Qari: Ibrahim Al-Dossari
Tafsir Surat Al-Kahf Ayat 66
Dalam ayat ini, Allah menggambarkan secara jelas sikap Nabi Musa sebagai calon murid kepada calon gurunya dengan mengajukan permintaan berupa bentuk pertanyaan. Itu berarti bahwa Nabi Musa sangat menjaga kesopanan dan merendahkan hati. Beliau menempatkan dirinya sebagai orang yang bodoh dan mohon diperkenankan mengikutinya, supaya Khidir sudi mengajarkan sebagian ilmu yang telah diberikan kepadanya. Menurut al-Qadhi, sikap demikian memang seharusnya dimiliki oleh setiap pelajar dalam mengajukan pertanyaan kepada gurunya.
قَالَ اِنَّكَ لَنْ تَسْتَطِيْعَ مَعِيَ صَبْرًا
Qāla innaka lan tastaṭī‘a ma‘iya ṣabrā(n).
Dia menjawab, “Sesungguhnya engkau tidak akan sanggup bersabar bersamaku.
Qari: Ibrahim Al-Dossari
Tafsir Surat Al-Kahf Ayat 67
Kemampuan Khidir meramal sikap Nabi Musa kalau sampai menyertainya didasarkan pada ilmu ladunni yang telah beliau terima dari Allah di samping ilmu anbiya' yang dimilikinya, seperti tersebut dalam ayat 65 di atas. Dan memang demikianlah sifat dan sikap Nabi Musa yang keras dalam menghadapi kenyataan-kenyataan yang bertentangan dengan syariat yang telah beliau terima dari Allah.
وَكَيْفَ تَصْبِرُ عَلٰى مَا لَمْ تُحِطْ بِهٖ خُبْرًا
Wa kaifa taṣbiru ‘alā mā lam tuḥiṭ bihī khubrā(n).
Bagaimana engkau akan sanggup bersabar atas sesuatu yang engkau belum mempunyai pengetahuan yang cukup tentangnya?”
Qari: Ibrahim Al-Dossari
Tafsir Surat Al-Kahf Ayat 68
Sebenarnya memang demikian sifat orang yang tidak bersabar terhadap perbuatan mungkar yang dilihatnya. Bahkan segera ia mengingkarinya.

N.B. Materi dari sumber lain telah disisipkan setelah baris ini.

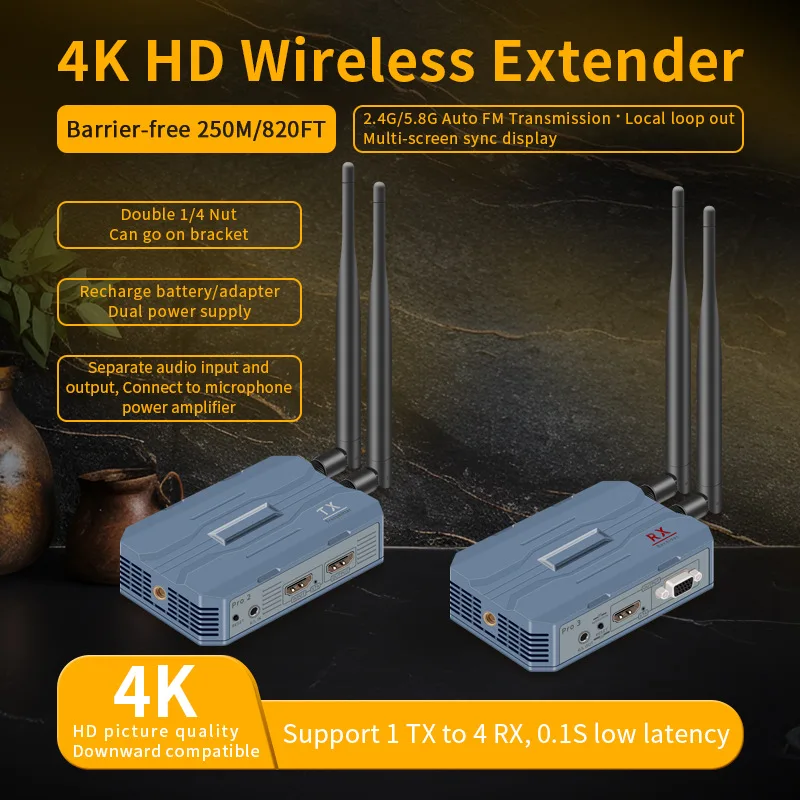 4k high-definition wireless extender 250m screen adapter supports 1 transmitter multiple radio video screen projectors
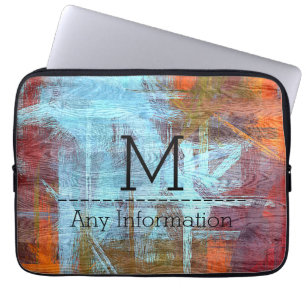 Colourful Modern Wood Grain Monogram Laptop Sleeve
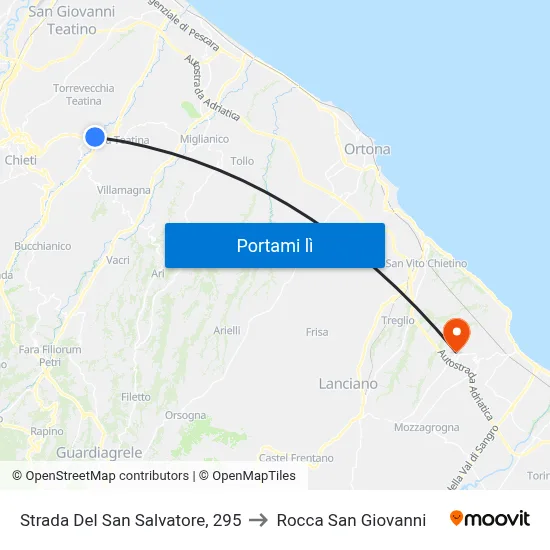 Strada Del San Salvatore, 295 to Rocca San Giovanni map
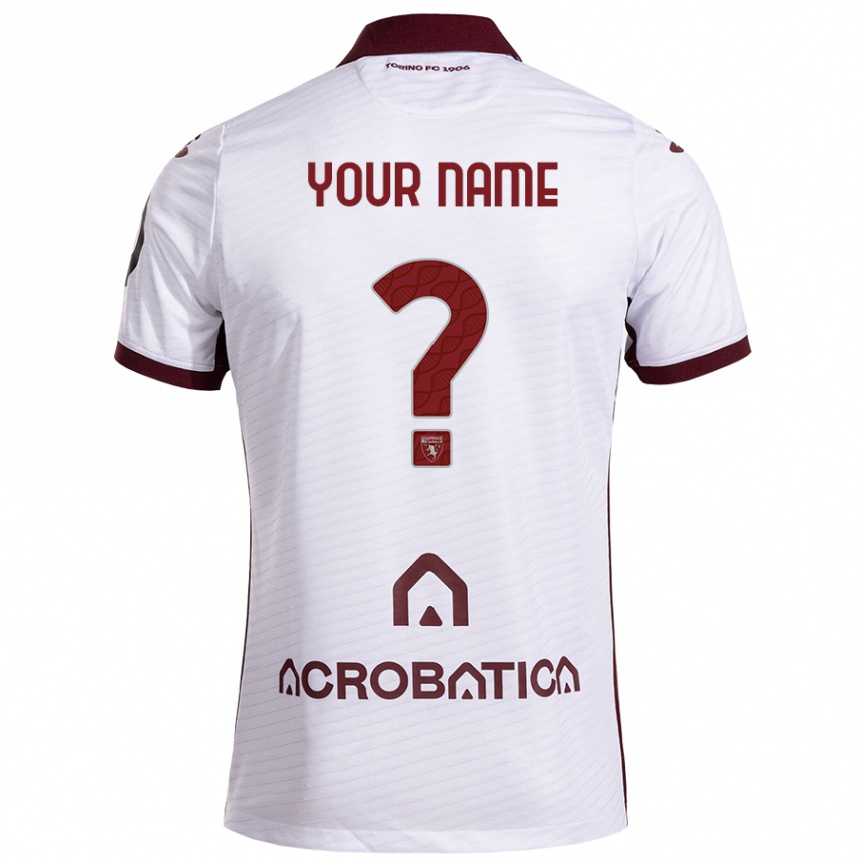 Kids Football Your Name #0 White Maroon Away Jersey 2024/25 T-Shirt Nz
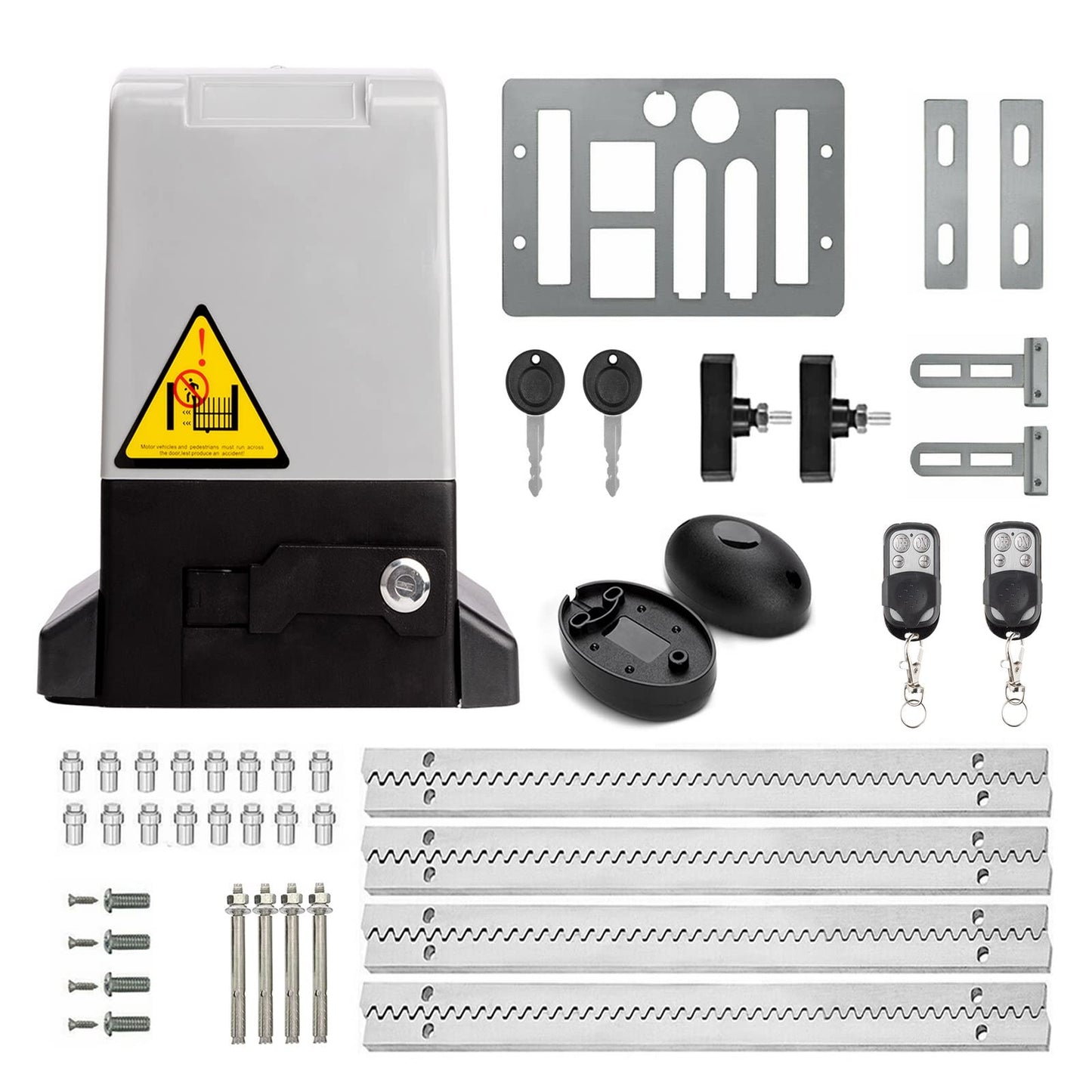 Blütezeit 5300lb Rack Drive Sliding Gate Opener, 1200W Automatic Slide Gate Motor with IR Sensor & Remote Complete Kit, 1.6HP Electric Rolling Driveway Gate Operator for Gates up to 40ft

قَالَ سَتَجِدُنِيْٓ اِنْ شَاۤءَ اللّٰهُ صَابِرًا وَّلَآ اَعْصِيْ لَكَ اَمْرًا
Qāla satajidunī in syā'allāhu ṣābiraw wa lā a‘ṣī laka amrā(n).
Dia (Musa) berkata, “Insyaallah engkau akan mendapatiku sebagai orang yang sabar dan aku tidak akan menentangmu dalam urusan apa pun.”
Qari: Ibrahim Al-Dossari
Tafsir Surat Al-Kahf Ayat 69
قَالَ فَاِنِ اتَّبَعْتَنِيْ فَلَا تَسْـَٔلْنِيْ عَنْ شَيْءٍ حَتّٰٓى اُحْدِثَ لَكَ مِنْهُ ذِكْرًا ࣖ
Qāla fa inittaba‘tanī falā tas'alnī ‘an syai'in ḥattā uḥdiṡa laka minhu żikrā(n).
Dia berkata, “Jika engkau mengikutiku, janganlah engkau menanyakan kepadaku tentang apa pun sampai aku menerangkannya kepadamu.”
Qari: Ibrahim Al-Dossari
Tafsir Surat Al-Kahf Ayat 70
Nabi Musa mau menerima syarat itu, memang sebenarnya sikap Nabi Musa yang demikian itu merupakan sopan-santun orang yang terpelajar terhadap cendekiawan, sikap sopan-santun murid dengan gurunya atau sikap pengikut dengan yang diikutinya. Kadang-kadang rahasia guru atau orang yang diikuti belum tentu dipahami oleh murid atau pengikutnya ketika itu juga, tetapi baru dapat dipahami kelak di kemudian hari.